» About this task
Images are to be excluded from the copy, and the records below reproduced word for word.

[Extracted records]
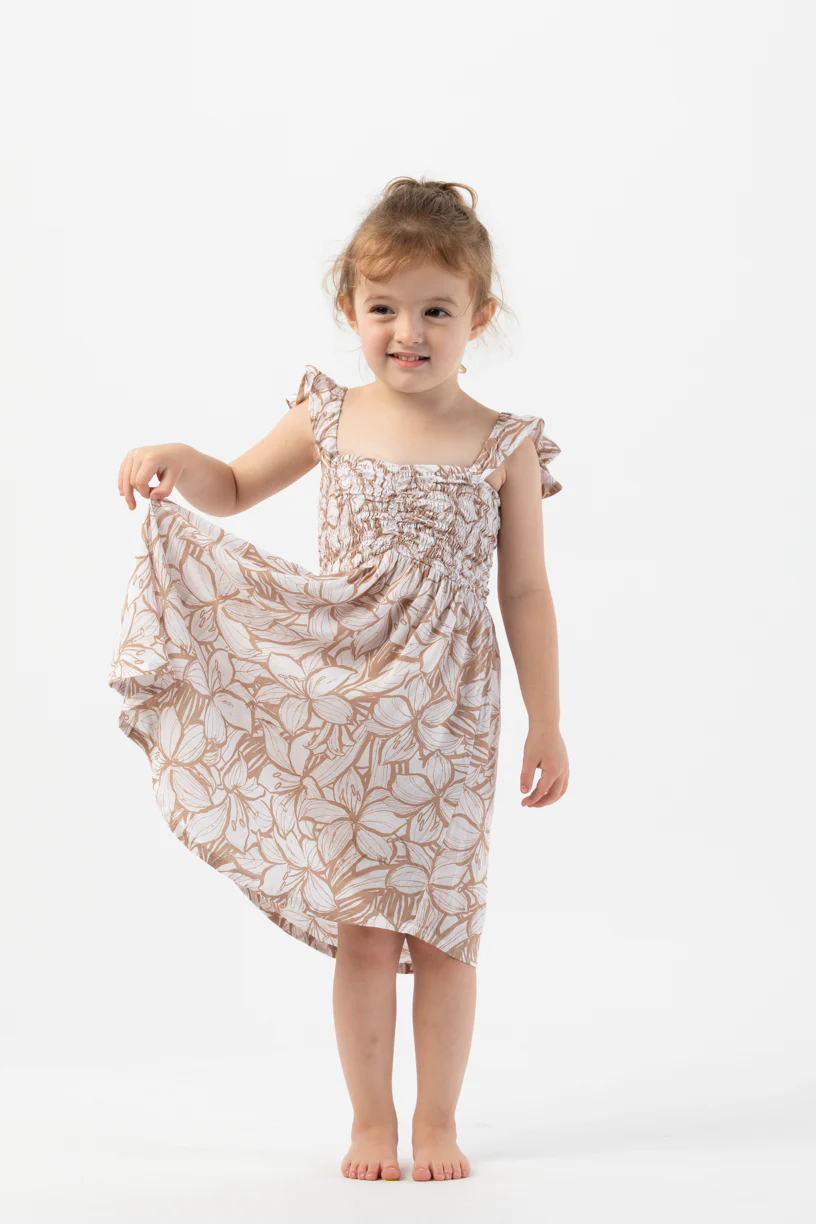 Kids Hollie Dress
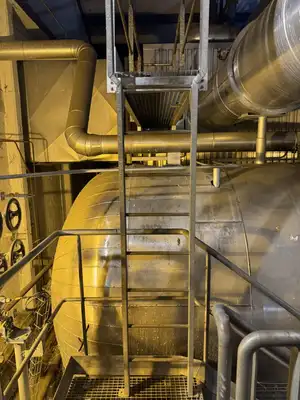 Used _UNKNOWN_ _UNKNOWN_ Boilers FR | Apex Auctions #1552324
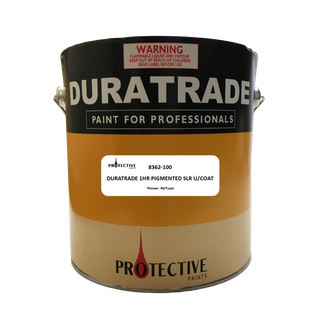 DURATRADE 1 HOUR PIGMENTED SEALER 4L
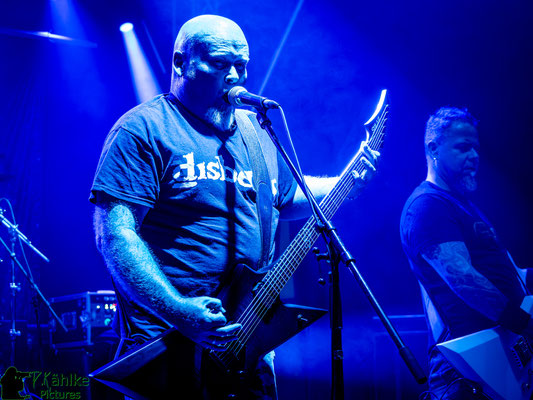 Undertow | Pure Fucking Metal FestEvil | Tag 2 - 13.07.2024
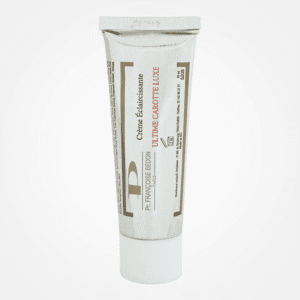 Pr. Francoise Bedon Lightening Cream Ultime Carotte Luxe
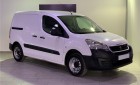 PEUGEOT PARTNER FGN II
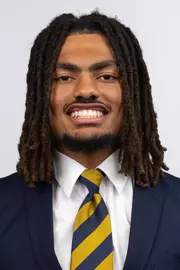 June 23, 2026; Berkeley, CA, USA; FB: Cal Football Headshots California Memorial Stadium. (Photo credit: Al Sermeno/KLC fotos)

» Your response
 Kids Hollie Dress
 Used _UNKNOWN_ _UNKNOWN_ Boilers FR | Apex Auctions #1552324
 DURATRADE 1 HOUR PIGMENTED SEALER 4L
 Undertow | Pure Fucking Metal FestEvil | Tag 2 - 13.07.2024
 Pr. Francoise Bedon Lightening Cream Ultime Carotte Luxe
 PEUGEOT PARTNER FGN II
 June 23, 2026; Berkeley, CA, USA; FB: Cal Football Headshots California Memorial Stadium. (Photo credit: Al Sermeno/KLC fotos)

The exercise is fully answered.